Increase Clock Cycles/Timing

Use more clock cycles such that branching does not affect the execution time. Also, the memory access times should be standardized to be the same over all accesses. If timing is not mission critical and time is in abundance, the access times can be reduced by adding sufficient delay to normalize the access times. These countermeasures will result in increased power consumption which may not be conducive for low size, weight, and power missions.

Sources

https://www.cse.msu.edu/~alexliu/publications/SensorSideChannel/SensorSideChannel.pdf

NIST Rev5 Controls

D3FEND Techniques

D3FEND Artifacts

None

ISO 27001

NASA Best Practice Guide

ESA Space Shield Mitigation

None

Related MITRE EMB3D Mitigations

Related CSF 2.0

PR.DS-10

Related BSI Security Measures

No related BSI Security Measures

ID: CM0063

Tier: III

Onboard SV CM

Created: 2022/10/19

Last Modified: 2023/10/17

Techniques Addressed by Countermeasure

ID		Name	Description
EXF-0002		Side-Channel Exfiltration	Information is extracted not by reading files or decrypting frames but by observing physical or protocol byproducts of computation, power draw, electromagnetic emissions, timing, thermal signatures, or traffic patterns.
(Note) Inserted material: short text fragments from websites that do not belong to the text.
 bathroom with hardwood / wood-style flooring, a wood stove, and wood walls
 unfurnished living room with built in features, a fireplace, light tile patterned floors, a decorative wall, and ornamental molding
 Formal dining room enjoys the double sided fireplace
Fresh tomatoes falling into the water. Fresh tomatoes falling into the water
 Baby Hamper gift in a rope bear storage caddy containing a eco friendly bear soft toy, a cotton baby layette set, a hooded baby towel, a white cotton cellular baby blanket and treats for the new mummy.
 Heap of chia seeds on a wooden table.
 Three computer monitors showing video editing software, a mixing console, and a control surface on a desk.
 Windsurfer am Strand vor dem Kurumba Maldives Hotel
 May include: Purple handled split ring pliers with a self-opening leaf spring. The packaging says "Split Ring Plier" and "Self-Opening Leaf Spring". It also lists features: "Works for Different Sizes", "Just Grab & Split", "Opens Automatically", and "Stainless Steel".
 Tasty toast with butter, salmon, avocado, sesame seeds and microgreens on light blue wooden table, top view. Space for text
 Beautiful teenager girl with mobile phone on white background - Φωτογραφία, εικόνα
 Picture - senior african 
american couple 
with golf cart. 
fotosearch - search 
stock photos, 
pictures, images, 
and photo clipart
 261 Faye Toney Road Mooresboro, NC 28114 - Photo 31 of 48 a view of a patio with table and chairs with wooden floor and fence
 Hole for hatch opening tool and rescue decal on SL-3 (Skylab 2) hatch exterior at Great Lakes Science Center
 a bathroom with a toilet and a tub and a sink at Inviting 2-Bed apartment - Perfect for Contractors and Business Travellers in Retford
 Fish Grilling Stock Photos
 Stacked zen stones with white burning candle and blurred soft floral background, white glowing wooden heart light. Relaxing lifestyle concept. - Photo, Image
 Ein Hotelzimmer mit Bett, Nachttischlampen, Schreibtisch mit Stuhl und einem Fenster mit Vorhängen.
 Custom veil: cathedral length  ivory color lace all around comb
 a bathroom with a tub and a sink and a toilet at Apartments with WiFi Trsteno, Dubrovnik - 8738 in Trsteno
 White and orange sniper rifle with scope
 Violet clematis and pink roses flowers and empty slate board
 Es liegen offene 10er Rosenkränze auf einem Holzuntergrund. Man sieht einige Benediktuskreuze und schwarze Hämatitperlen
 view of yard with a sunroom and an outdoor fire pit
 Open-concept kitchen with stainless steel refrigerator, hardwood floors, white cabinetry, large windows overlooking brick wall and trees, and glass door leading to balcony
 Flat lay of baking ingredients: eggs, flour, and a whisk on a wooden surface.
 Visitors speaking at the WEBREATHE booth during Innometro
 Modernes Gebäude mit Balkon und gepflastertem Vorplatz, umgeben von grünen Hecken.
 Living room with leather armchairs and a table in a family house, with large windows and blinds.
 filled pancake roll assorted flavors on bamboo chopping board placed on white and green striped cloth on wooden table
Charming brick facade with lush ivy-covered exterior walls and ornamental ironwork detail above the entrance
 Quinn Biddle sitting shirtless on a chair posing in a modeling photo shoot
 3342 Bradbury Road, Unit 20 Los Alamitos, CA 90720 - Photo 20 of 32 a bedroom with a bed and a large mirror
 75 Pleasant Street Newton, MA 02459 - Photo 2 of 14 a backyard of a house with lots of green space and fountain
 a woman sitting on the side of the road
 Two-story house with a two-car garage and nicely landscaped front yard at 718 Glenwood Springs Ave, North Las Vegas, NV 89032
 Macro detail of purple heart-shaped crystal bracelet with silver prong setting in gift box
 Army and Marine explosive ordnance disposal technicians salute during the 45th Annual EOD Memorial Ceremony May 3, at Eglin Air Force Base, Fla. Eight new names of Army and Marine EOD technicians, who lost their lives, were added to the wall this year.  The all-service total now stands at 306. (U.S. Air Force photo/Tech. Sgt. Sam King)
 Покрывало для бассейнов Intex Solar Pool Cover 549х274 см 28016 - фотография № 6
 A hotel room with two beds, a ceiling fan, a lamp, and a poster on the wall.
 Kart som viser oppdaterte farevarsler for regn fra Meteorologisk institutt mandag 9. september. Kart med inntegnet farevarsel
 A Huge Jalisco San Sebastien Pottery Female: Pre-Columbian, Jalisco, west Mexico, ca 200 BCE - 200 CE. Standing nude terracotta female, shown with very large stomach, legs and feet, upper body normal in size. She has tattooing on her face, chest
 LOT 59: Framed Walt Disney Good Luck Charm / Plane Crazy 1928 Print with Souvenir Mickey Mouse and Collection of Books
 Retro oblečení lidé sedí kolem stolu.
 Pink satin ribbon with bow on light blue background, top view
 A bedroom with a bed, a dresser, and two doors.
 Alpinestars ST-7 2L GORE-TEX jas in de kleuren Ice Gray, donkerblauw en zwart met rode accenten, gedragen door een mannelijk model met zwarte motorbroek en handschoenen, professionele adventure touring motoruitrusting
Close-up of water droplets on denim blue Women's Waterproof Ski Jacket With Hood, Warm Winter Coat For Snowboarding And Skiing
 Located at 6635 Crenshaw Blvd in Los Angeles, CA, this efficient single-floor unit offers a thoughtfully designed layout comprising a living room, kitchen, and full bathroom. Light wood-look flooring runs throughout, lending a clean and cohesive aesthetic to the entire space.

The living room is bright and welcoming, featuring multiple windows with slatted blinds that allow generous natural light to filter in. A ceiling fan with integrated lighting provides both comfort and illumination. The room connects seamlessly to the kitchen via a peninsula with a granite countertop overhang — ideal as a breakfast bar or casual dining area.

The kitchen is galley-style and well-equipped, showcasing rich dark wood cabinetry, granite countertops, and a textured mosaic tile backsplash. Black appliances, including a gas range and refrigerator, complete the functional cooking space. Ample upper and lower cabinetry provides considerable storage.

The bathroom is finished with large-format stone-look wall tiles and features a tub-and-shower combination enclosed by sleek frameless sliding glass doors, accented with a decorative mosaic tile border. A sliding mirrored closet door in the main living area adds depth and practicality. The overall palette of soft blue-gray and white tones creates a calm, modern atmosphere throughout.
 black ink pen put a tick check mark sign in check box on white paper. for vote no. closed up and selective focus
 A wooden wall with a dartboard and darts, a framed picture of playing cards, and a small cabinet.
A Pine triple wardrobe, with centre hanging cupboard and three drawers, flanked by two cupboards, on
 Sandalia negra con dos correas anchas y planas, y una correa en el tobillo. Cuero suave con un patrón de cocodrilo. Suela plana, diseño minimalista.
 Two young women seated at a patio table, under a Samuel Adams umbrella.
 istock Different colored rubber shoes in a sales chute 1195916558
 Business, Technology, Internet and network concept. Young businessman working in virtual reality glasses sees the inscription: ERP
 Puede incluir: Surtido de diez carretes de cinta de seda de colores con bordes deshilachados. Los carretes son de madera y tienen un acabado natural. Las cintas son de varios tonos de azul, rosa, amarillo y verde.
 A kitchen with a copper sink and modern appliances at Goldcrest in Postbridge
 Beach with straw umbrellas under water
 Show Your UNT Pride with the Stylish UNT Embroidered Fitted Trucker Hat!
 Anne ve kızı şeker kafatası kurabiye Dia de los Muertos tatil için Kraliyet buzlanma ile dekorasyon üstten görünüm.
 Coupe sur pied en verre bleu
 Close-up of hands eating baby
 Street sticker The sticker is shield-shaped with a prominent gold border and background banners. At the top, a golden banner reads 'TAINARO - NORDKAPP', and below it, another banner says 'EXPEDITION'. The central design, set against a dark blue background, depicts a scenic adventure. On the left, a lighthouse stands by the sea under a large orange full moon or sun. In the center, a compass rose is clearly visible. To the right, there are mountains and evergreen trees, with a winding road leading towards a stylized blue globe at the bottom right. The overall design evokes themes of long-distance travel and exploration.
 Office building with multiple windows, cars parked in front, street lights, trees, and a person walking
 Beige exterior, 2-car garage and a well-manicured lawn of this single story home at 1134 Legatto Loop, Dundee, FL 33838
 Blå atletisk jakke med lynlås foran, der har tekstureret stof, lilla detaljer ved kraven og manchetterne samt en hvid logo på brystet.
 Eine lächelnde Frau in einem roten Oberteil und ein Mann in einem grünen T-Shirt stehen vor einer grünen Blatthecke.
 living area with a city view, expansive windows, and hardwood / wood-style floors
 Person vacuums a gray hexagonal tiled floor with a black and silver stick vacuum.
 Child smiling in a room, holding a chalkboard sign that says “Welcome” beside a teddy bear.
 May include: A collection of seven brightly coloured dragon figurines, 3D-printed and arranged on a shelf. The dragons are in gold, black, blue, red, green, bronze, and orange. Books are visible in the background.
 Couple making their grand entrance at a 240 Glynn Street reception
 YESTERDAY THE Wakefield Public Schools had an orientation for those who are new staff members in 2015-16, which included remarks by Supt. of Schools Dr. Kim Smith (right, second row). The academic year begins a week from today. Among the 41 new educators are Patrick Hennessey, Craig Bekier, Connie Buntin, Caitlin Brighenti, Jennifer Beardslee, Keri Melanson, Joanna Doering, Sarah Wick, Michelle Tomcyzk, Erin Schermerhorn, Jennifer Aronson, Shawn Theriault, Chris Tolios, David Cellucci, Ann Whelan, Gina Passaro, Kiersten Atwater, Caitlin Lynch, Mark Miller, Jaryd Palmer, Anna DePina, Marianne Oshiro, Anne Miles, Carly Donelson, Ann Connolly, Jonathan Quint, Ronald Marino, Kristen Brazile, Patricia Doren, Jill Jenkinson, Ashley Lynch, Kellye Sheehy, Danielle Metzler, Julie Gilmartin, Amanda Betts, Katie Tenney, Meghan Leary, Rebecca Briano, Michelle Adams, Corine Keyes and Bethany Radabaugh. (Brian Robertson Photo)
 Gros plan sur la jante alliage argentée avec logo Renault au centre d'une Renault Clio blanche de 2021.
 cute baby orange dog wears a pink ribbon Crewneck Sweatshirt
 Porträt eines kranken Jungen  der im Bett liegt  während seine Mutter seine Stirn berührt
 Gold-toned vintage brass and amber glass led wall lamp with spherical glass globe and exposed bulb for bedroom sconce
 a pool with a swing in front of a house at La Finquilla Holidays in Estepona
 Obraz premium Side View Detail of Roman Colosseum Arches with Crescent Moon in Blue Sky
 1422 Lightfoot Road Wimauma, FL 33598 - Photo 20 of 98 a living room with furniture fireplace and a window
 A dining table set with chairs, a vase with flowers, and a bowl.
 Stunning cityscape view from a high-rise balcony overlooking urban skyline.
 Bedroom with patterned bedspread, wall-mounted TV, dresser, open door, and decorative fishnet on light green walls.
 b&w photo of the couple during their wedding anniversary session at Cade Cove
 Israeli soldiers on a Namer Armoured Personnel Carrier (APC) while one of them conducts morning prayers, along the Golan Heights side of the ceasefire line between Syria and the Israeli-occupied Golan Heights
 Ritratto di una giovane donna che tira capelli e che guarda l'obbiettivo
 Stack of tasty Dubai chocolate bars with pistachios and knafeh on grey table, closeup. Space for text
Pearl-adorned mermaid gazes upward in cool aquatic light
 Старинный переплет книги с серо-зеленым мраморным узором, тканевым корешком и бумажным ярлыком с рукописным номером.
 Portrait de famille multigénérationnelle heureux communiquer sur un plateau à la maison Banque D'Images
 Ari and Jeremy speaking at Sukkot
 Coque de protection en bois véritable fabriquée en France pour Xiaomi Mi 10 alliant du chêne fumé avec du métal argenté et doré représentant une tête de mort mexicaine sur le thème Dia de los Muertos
Repeated measurements create distinctive fingerprints correlated with internal states (key use, table loads, parser branches, buffer occupancy). Matching those fingerprints to models or templates yields sensitive facts without direct access to the protected data. In space systems, vantage points span proximity assets (for EM/thermal), ground testing and ATLO (for direct probing), compromised on-board modules that can sample rails or sensors, and remote observation of link-layer timing behaviors.
	.04	Timing Attacks	Execution time varies with inputs and branches; precise measurement turns that variance into information. The attacker times acknowledgments, response latencies, or framing gaps to learn which code paths ran (e.g., MAC verified vs. failed, table entry present vs. absent) and to infer bits of secrets in timing-sensitive routines such as cryptographic checks. On resource-constrained processors and deterministic RTOSes, small differences persist across runs, making remote timing feasible over RF if clocks and propagation are accounted for. Combined with chosen inputs and statistics, these measurements leak internal state faster than brute-force cryptanalysis.

ID	Description
SV-CF-2	Eavesdropping (RF and proximity)
SV-AC-5	Proximity operations (i.e., grappling satellite)

Sample Requirements

SPARTA ID	Requirement	Rationale/Additional Guidance/Notes
SPR-37	The [spacecraft] shall protect system components, associated data communications, and communication buses in accordance with: (i) national emissions and TEMPEST policies and procedures, and (ii) the security category or sensitivity of the transmitted information, and shall demonstrate compliance via pre‑launch TEMPEST‑like evaluation for co‑located payload configurations.{SV-CF-2,SV-MA-2}{PE-14,PE-19,PE-19(1),RA-5(4),SA-8(18),SA-8(19),SC-8(1)}	The measures taken to protect against compromising emanations must be in accordance with DODD S-5200.19, or superseding requirements. The concerns addressed by this control during operation are emanations leakage between multiple payloads within a single space platform, and between payloads and the bus.
SPR-38	The [spacecraft] shall be designed so that it protects itself from information leakage due to electromagnetic signals emanations.{SV-CF-2,SV-MA-2}{PE-19,PE-19(1),RA-5(4),SA-8(19)}	This requirement applies if system components are being designed to address EMSEC and the measures taken to protect against compromising emanations must be in accordance with DODD S-5200.19, or superseding requirements.
SPR-115	The [organization] shall describe (a) the separation between RED and BLACK cables, (b) the filtering on RED power lines, (c) the grounding criteria for the RED safety grounds, (d) and the approach for dielectric separators on any potential fortuitous conductors, and shall provide quantitative separation distances, filter specifications, grounding resistance criteria, and dielectric separator material properties.{SV-CF-2,SV-MA-2}{PE-19,PE-19(1)}	Physical separation of classified (RED) and unclassified (BLACK) signal paths prevents compromising emanations. Defined separation distances, filtering, and grounding reduce leakage risk. Quantitative criteria ensure repeatable and verifiable implementation. This protects against unintended signal coupling and data leakage.